Joseph Meli has been sentenced by a federal court in Manhattan to over six years in prison in connection with a multi-million dollar Ponzi scheme involving tickets to popular concerts and Broadway shows including Hamilton. The sentence followed Meli’s guilty plea to charges of securities fraud in the fall following his arrest in January of 2017.

On Tuesday, the court sentenced him to 78 months imprisonment followed by three years of supervised release. He has also been fined just shy of $1.5 million, and will be required to pay restitution to his victims, according to the SEC.

Meli will serve his time at Lewisburg Camp in Pennsylvania, a minimum security facility operated by the Federal Bureau of Prisons, according to reporting by Amplify.

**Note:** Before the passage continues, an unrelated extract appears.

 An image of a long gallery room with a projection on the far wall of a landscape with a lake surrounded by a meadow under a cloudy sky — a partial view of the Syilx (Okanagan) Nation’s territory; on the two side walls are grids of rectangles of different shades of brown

He will surrender to the U.S. Marshal Service to begin serving his sentence on June 28.

From the SEC release announcing the sentencing:

In 2017, the SEC filed two enforcement actions against Meli in federal district court in Manhattan. In the first action, the SEC alleged that Meli and his co-defendants solicited investments for the bulk purchase and resale of tickets to popular Broadway shows and concerts, but used the majority of the more than $97 million raised to make payments to earlier investors and to enrich Meli, his family, and a co-defendant. On April 26, 2017, the court entered a preliminary injunction and asset freeze against Meli and his co-defendants in that matter. In the second action, the SEC alleged that Meli and New York sports radio personality Craig Carton raised millions from investors by falsely claiming that they had access to large blocks of face-value tickets to popular concert performances. Instead of purchasing tickets for resale, Carton and Meli allegedly misappropriated at least $3.6 million to repay earlier investors and to cover other expenses, including Carton’s gambling debts. Both SEC actions charge Meli and his co-defendants with securities fraud in violation of Section 17(a) of the Securities Act of 1933, Section 10(b) of the Securities Exchange Act of 1934 and Rule 10b-5 thereunder. The SEC’s litigation against Meli and his co-defendants remains ongoing.

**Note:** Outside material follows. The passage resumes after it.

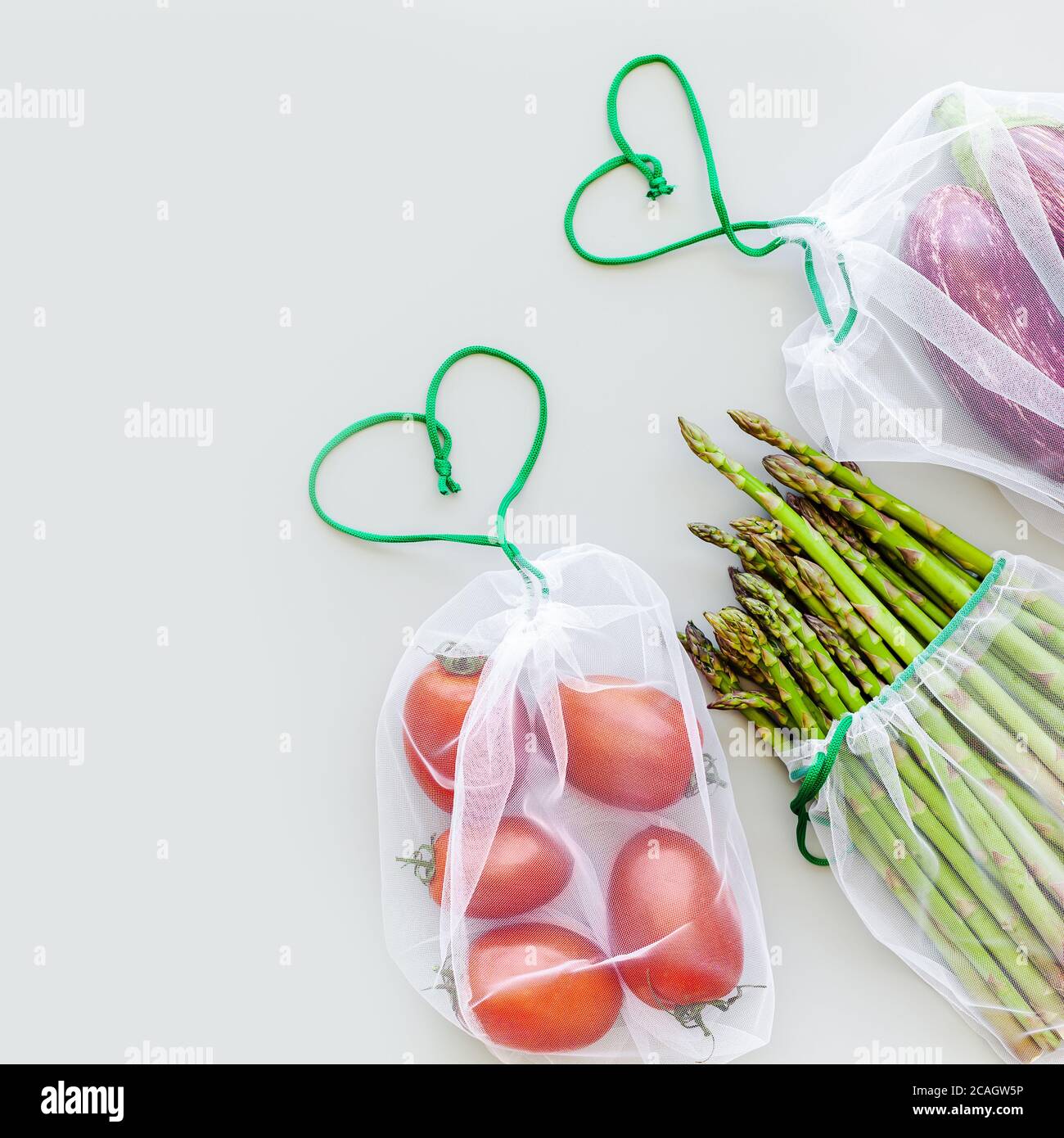 Fresh organic vegetables in eco reusable produce shopping bags flat lay ...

Amplify speculated that Meli did himself no favors at sentencing with a recent curfew violation. U.S. Attorneys reportedly told Judge Kimbra Woods that Meli had been out an hour past curfew a day before the sentence was handed down. Whether or not that was a factor in the Judge deciding to hand down a sentence in line with what the government had requested rather than the lighter 2-3 year sentence Meli’s attorneys had requested is anybody’s guess.

Craig Carton, the sports talk radio star who is charged with fraud for his alleged role in the scheme, has maintained his innocence – indeed, he claims that he was a victim of Meli’s fraud rather than a co-conspirator – recently had his criminal trial date set for late October.